A compact formulation of turbo audio-visual speech recognition

Simon Receveur; Patrick Meyer; Tim Fingscheidt

doi:10.1109/ICASSP.2014.6854658

A compact formulation of turbo audio-visual speech recognition

Receveur, Simon, Meyer, Patrick, Fingscheidt, Tim

Source

2014 IEEE International Conference on Acoustics, Speech and Signal Processing (ICASSP) > 5517 - 5521

Abstract

Since most automatic speech recognition (ASR) systems still suffer from adverse acoustic conditions and insufficient acoustic modeling, recognition robustness can be improved by integrating further information sources such as additional acoustic channels, modalities, or models.
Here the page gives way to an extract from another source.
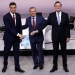 Spain's Prime Minister and ruling People's Party (PP) leader Mariano Rajoy (R) and Socialist leader Pedro Sanchez stand as host Manuel Campo Vidal (C) looks on before a live televised debate in Madrid, Spain, December 14, 2015.   REUTERS/Juan Medina - RTX1YOJL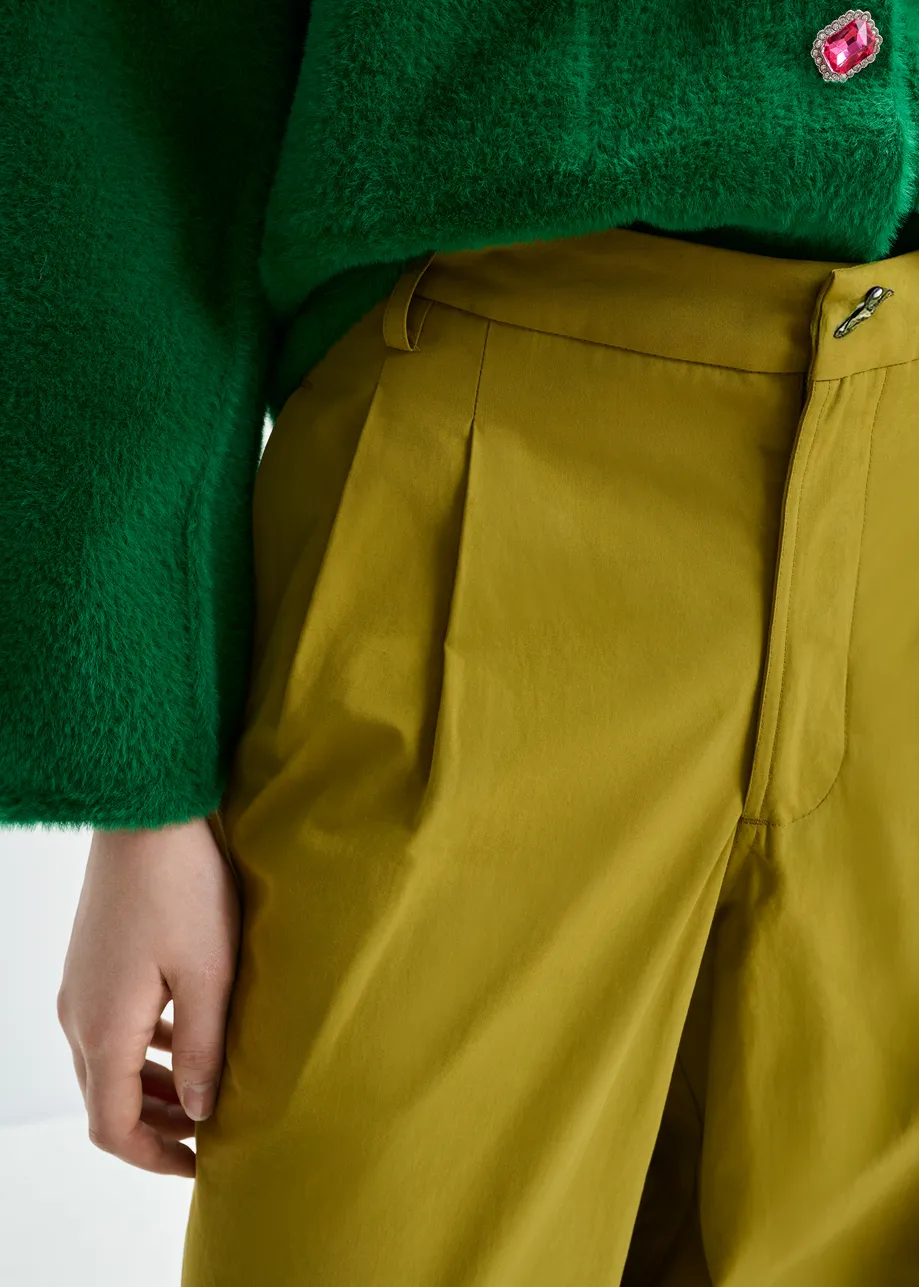 Khaki tapered-leg pants with rhinestone belt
Considering the question of information fusion, interesting parallels to problems in digital communications can be observed, where the turbo principle revolutionized reliable communication. In this paper, we provide new perspectives on turbo ASR: First, we introduce a compact formulation of turbo automatic speech recognition; second, we present a shape-based visual feature extraction algorithm without any learning paradigms. Third, we show an application to an audio-visual speech recognition task on a large data set, where our proposed method clearly outperforms the iterative approach introduced by Shivappa et al. as well as a conventional coupled-hidden-Markov-model approach by up to 23.8% relative reduction in word error rate.